## Exercise directions
Everything from the line holding "Putting rubber yellow" through the last line of the listing needs to be repeated exactly, with no other lines.

## Material shown
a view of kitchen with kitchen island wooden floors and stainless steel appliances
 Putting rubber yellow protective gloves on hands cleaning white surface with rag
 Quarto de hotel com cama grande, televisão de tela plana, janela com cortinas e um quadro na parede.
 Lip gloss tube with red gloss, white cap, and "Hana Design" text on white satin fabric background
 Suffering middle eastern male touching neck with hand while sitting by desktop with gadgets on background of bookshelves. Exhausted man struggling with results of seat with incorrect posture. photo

## Exercise response
 Putting rubber yellow protective gloves on hands cleaning white surface with rag
 Quarto de hotel com cama grande, televisão de tela plana, janela com cortinas e um quadro na parede.
 Lip gloss tube with red gloss, white cap, and "Hana Design" text on white satin fabric background
 Suffering middle eastern male touching neck with hand while sitting by desktop with gadgets on background of bookshelves. Exhausted man struggling with results of seat with incorrect posture. photo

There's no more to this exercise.